I'm in a pretty unique spot where I'm neither Arab, Israeli or Jewish so I can give a very unbiased recap of events. I don't have a degree in this stuff (yet) and I'm no expert. I'm not going to be able to make anyone else an expert either but you will be an engaged citizen of the world with this background information that I have gathered from my high school honors World Cultures class (shout out to Mr.Ellis) and the lovely internet (only legit sources though, don't worry). 

So the Arab-Israeli conflict...

It's pretty complex and there's tons of blame to go around. Yeah there are some different religions but the problems stem more from landownership and power. There is no ultimate good guy or bad guy, which is why things probably seem so fuzzy. There's just a group of people who feel like they don't have a place in the world so they lash out and bad things happen (it's like teen angst times a bazillion on a much larger scale and the feelings are actually real). 

Palestinian- ethnic Arab who lives in Israel but thinks it should be Palestine and should be theirs

Someone's got to give first in this situation but no one will. Here’s the basic debate:

Israelis: Stop blowing things up and we'll give you (Palestinians) land

Palestinians: Give us land and we'll stop blowing things up

There's somewhat of an impasse as you can see...

How is the U.S. involved: Israel gets weapons from the U.S. so we get lumped into this situation.
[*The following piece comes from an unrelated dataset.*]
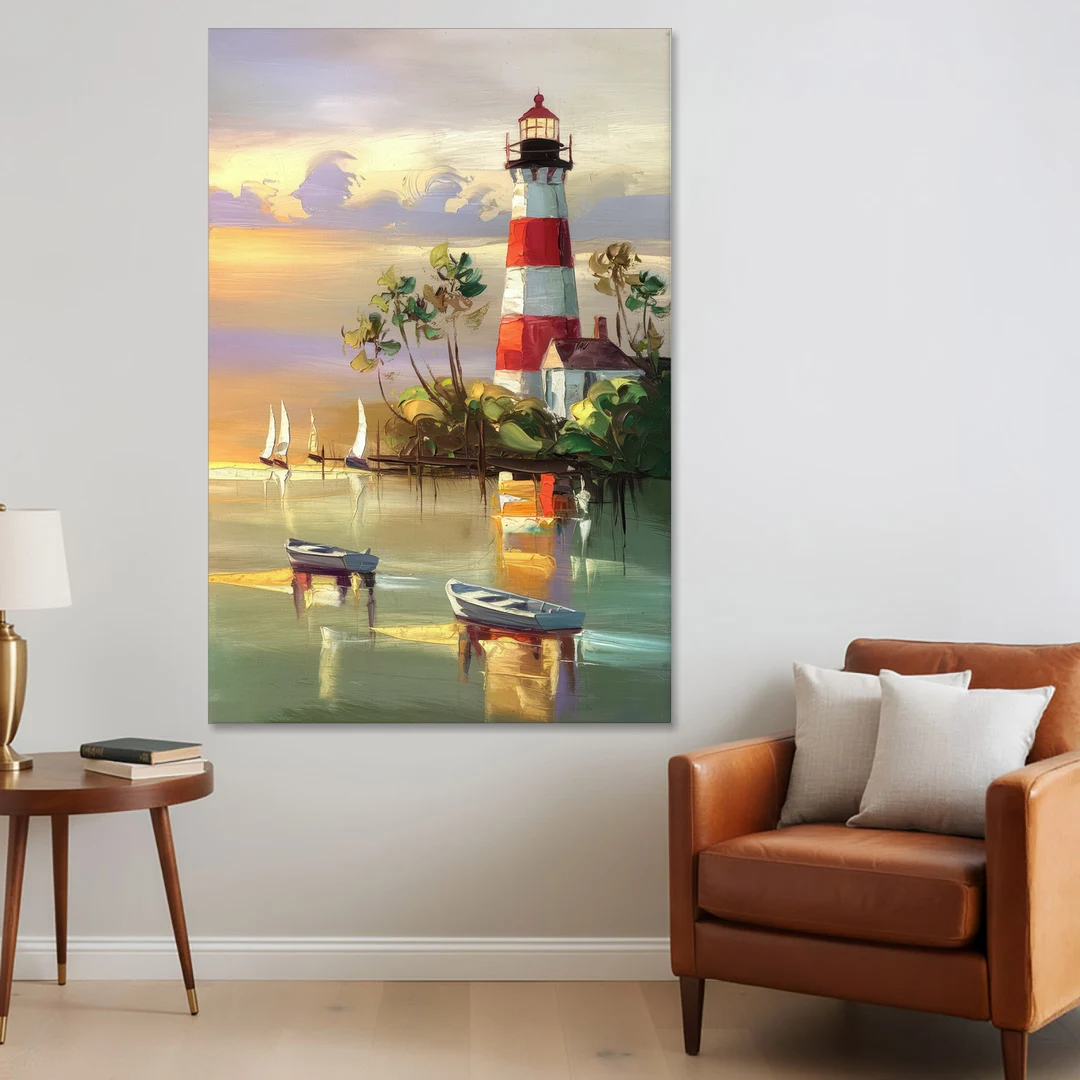 Hilton Head Island Coastal Lighthouse Nautical - Canvas Wall Art - Sofa - 40x60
We also support them economically and played a big part in Israel's creation sooo... yeah.

A smidge of background information:

Diaspora --> Jews were kicked out of Israel in 70AD 

Covenant (a big part of the Jewish faith) --> if they're good, they will get returned to Israel some day

The Zionist Movement --> European Jews working toward the creation of Israel, they're wealthy, educated, and have connections but no ability to get this done

**There are Jews who are anti-Zionist (anti the creation of Israel), just because someone is Jewish doesn't mean they automatically support Israel

1878- Palestine was controlled by Turks, who are not Arab, obviously, they're Turkish. The Palestinians, who are Arab, did not like being ruled by Turks.

There were small Zionist colonies in Palestine but they were just small groups of Jews. 98% of the people who lived there were Palestinian, 2% were Jews.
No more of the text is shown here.